Humorkritik | Dezember 2023
Dezember 2023
»Es gibt genug Scherereien im Leben; warum es nicht einmal auf die heitere Weise versuchen?«
Auguste Renoir
Kevin und Kehlmann
Die Ich-Erzählung wird vielen als die einfachste Form des Erzählens erscheinen; dabei ist sie die abgründigste, weil sie den Autor oder die Autorin gerade nicht in die Erzählung holt. Ein verunglückter belletristischer Satz geht ja strenggenommen nicht aufs Konto des Autors, sondern desjenigen, der erzählt; aber sofern dieser Erzähler namenlos bleibt und nicht selbst in Erscheinung tritt, wird es schwerfallen, eine Phrase oder schiefe Metapher nicht dem Dichter in Rechnung zu stellen. In Christoph Salchers Satire »Ich und Kehlmann« spricht dagegen Kevin Fellner, Gymnasialprofessor im österreichischen Zell am See und kommender Literatursuperstar, jedenfalls nach eigener Einschätzung. Er ist mit einem fast fertigen Romanmanuskript nach Frankfurt zur Buchmesse gereist, um es beim Rowohlt-Verlag einzureichen, dem Hausverlag Daniel Kehlmanns, als dessen Nachfolger, genauer Re-Inkarnation Fellner sich versteht: Ihm schwebt nicht nur eine Wiedergeburt als Autor, sondern als Kehlmann vor, dessen »Schreibverfall« seit dem Roman »F« evident sei.
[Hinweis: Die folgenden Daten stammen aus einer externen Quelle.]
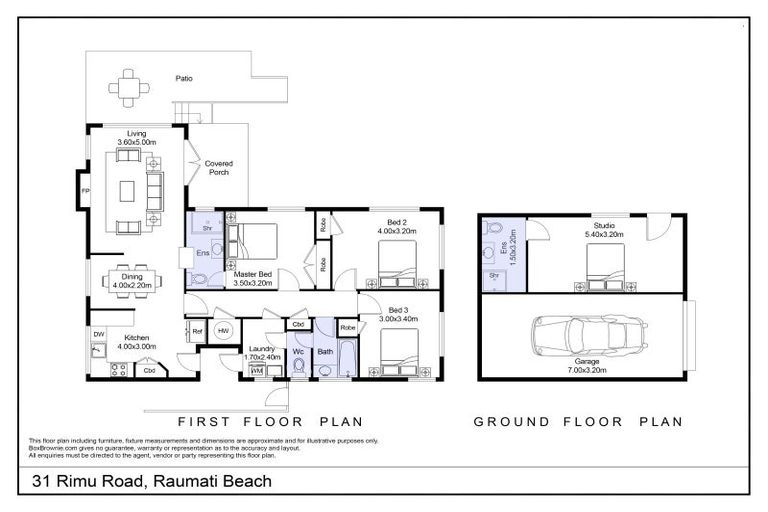 Photo of property in 31 Rimu Road, Raumati Beach, Paraparaumu, 5032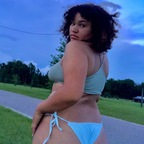 sage_green333 OnlyFans Leaked (108 Photos and 42 Videos) 

 profile picture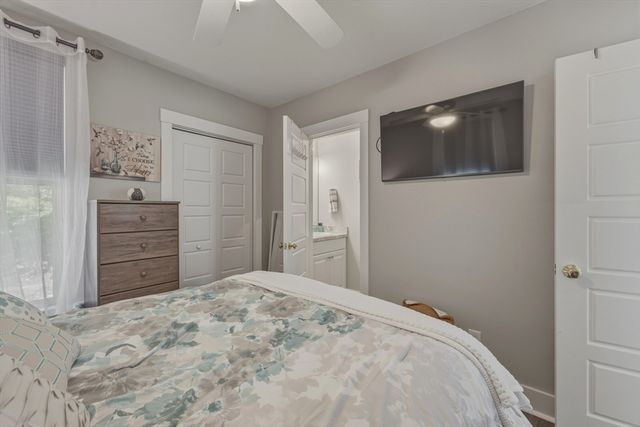1 Skyview Lane 1, Westford, MA 01886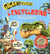 Gigantosaurus : l'encyclodino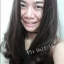 Half 18 วิกครึ่งหัวลอน U เเบบซ่อนรอยต่อ ( ทรงผมเเละเส้นผมเหมือนจริงเกือบ 100% )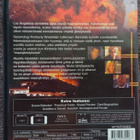 L.A. Liekeissä - Ground Zero - DVD - pikkukuva 2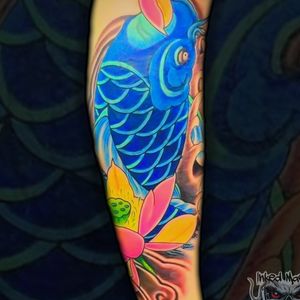 🤩Colours Tattoo Koi Fish on Japanese style ✔️PM For more information ⭐️Inked Machine Tattoo Studio Phuket 🇦🇺Australian Owner ✔️Award Winning Artists ✔️Best Quality Tattoo in Phuket ➖➖➖➖➖➖➖➖➖➖➖➖➖➖➖➖ ☎ +66949257499 ✉️ink@inkedmachine.com Whats App: +66949257499 LINE: inkedmachine . ➖➖➖➖➖➖➖➖➖➖➖➖➖➖➖➖ #inkedmachinetattoo #tattoo #tattoos #tattoostudio #ink #patong #thailandtattoo #thailandtattoostudios #phuket #tattoomen #tattoogirls #patongbeach #inkedcrew #kingofink #realistictattoo #blackgreytattoo #banglaroad #inkedup #bambootattoo #inked #besttattoophuket #besttattooshoppatongphuketthailand #tattooidea #tattooideas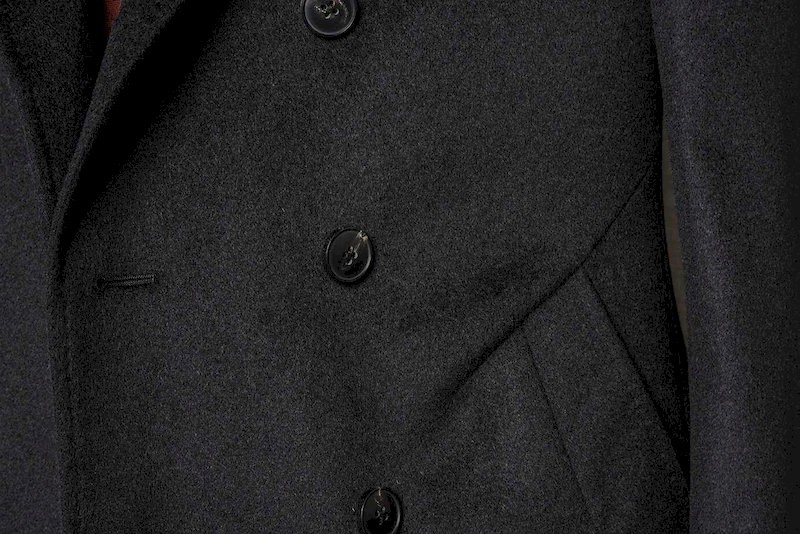 20191122084001108_结果.jpg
Das ist erst mal ganz lustig, weil Kinder und Narren ja die Wahrheit sagen. Aber der möglichen Freude über einen verrutschten Neo-Kehlmann steht eben die Tatsache im Weg, dass Fellner (oder Salcher?) nicht Kehlmann ist, sondern nur eine abgestandene, fehlerhafte, vom Lokalhelden Thomas Bernhard stimulierte Prosa im Angebot hat, die ein Lektor im Roman ganz richtig kennzeichnet: »Zudem scheinen Wiederholung und das Mittel der maßlosen Übertreibung Ihre zwei einzigen sprachlichen Möglichkeiten zu sein. Diese permanenten Wiederholungen, Herr Fellner, verursachen mir langsam Kopfschmerzen. Ihr Repertoire bezüglich des Ausdrucks und Stils erscheint mir in der Tat mehr als monoton und viel zu eingeschränkt für unsere hohen, ja, wie ich sagen muss, höchsten literarischen Ansprüche.« Von meinen zu schweigen, die sich von solch billigen Meta-Tricks auch keinesfalls übertölpeln lassen. Dass das die Satire (Anspruch! Wirklichkeit!) sein soll, ist mir klar; aber dass es so furchtbar klar ist, ist das Furchtbare.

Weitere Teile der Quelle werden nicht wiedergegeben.